Marion and Hillsboro water departments coordinated efforts to use what Marler described as “blow-off systems” to initially purge the lines.

“It’s a piping system, a big 12 inch line – it’s just a flush line we can open up and flush the entire line from the pump house to the intake,” Marler said regarding Hillsboro’s system, which was originally intended to battle infestations of zebra mussels.

“We coordinated with the city of Marion and opened up both of the blow-off lines and flushed all of that out of there,” Marler said.

The towns share the water intake, according to Kjellin, and the combined flush forced 4,000 to 5,000 gallons per minute through the pipe to clear any obstructions.

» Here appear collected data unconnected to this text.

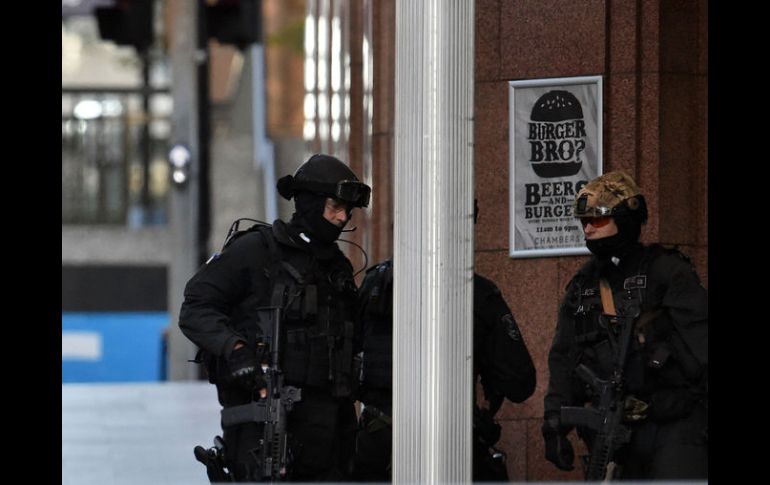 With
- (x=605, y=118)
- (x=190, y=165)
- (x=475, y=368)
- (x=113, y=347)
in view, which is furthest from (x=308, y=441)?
(x=113, y=347)

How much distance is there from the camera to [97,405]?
57.6 feet

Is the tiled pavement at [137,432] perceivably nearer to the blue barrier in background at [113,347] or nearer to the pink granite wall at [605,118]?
the pink granite wall at [605,118]

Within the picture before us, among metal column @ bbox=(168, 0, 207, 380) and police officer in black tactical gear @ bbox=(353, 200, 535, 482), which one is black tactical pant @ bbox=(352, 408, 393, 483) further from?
metal column @ bbox=(168, 0, 207, 380)

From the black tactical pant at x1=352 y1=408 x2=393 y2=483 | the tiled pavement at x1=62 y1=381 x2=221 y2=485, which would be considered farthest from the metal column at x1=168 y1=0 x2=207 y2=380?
the black tactical pant at x1=352 y1=408 x2=393 y2=483

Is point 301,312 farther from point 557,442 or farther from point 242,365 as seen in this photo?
point 557,442

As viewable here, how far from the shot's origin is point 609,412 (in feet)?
30.3

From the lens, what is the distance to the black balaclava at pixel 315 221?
9594 mm

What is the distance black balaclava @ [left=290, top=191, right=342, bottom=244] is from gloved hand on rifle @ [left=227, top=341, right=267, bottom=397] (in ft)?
2.40

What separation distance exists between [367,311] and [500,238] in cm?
208

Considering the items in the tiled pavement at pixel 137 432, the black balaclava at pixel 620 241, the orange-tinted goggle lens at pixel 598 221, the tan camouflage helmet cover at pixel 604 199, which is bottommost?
the tiled pavement at pixel 137 432

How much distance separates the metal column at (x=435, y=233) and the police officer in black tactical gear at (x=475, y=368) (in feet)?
3.82

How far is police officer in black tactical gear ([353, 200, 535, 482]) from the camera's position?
382 inches

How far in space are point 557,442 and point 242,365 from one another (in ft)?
5.22

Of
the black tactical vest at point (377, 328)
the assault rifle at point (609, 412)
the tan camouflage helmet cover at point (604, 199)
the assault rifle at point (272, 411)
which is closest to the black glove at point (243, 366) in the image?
the assault rifle at point (272, 411) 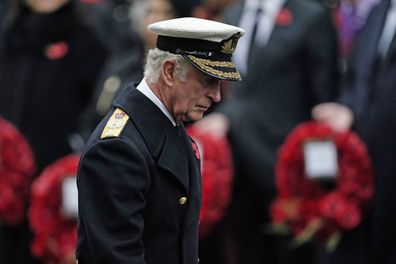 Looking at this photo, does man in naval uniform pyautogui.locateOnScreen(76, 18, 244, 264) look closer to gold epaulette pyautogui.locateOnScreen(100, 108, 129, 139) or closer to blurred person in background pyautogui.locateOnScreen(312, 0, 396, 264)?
gold epaulette pyautogui.locateOnScreen(100, 108, 129, 139)

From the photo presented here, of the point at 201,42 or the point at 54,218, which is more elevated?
the point at 201,42

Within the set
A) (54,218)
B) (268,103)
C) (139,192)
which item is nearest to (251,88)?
(268,103)

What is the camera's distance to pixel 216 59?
469 cm

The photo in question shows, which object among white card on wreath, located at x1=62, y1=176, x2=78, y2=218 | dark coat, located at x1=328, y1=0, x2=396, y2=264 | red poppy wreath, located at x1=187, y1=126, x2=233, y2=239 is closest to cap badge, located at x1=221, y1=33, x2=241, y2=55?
dark coat, located at x1=328, y1=0, x2=396, y2=264

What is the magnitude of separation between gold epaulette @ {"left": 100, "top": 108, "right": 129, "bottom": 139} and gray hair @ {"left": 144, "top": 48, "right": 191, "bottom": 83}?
165 mm

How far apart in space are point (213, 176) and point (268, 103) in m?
0.74

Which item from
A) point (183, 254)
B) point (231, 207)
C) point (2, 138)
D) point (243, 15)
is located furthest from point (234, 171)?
point (183, 254)

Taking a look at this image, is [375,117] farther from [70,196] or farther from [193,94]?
[193,94]

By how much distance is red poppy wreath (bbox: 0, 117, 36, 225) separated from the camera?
8.31m

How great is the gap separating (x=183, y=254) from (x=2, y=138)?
380cm

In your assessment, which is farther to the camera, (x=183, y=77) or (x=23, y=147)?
(x=23, y=147)

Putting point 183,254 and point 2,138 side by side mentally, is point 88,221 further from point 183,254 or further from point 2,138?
point 2,138

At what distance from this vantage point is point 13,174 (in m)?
8.35

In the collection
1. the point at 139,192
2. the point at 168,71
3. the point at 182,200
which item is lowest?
the point at 182,200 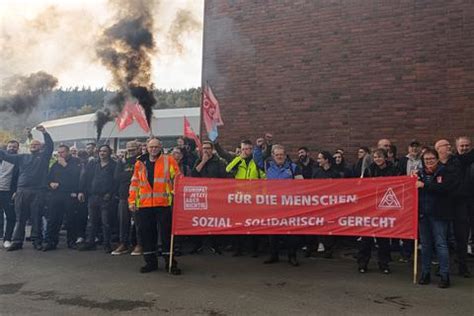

The Marion water intake kept water department employees busy Monday with frequent trips to clear the basket covering the intake.

“About every half hour they clear the line right now,” Kjellin said Monday. “We monitor at the water plant and when the amount of flow drops to some level then we know there’s an obstruction in the strainer basket and somebody goes out and dumps out the basket.”

While the shad are a nuisance, Kjellin emphasized the water supply is not being adversely affected.

“We’re on top of it, and the water supply’s not in danger at all,” Kjellin said. “It’s just a naturally occurring event and we’ll work our way through it.”

Contacted Tuesday afternoon, Kjellin said the shad infestation had vanished.

“The guys went out this morning to open up the strainer basket container and they found one shad,” Kjellin said.

“It must have been some environmental event that caused them to get close to the intake, and we sucked a whole school of shad in,” Kjellin concluded.

According to Marler, Hillsboro’s water intake was not experiencing any additional difficulties Tuesday afternoon.

“We’re not having any flow issues – we have it under control,” Marler said.

“It’s just nature’s way of keeping us on our toes,” she added.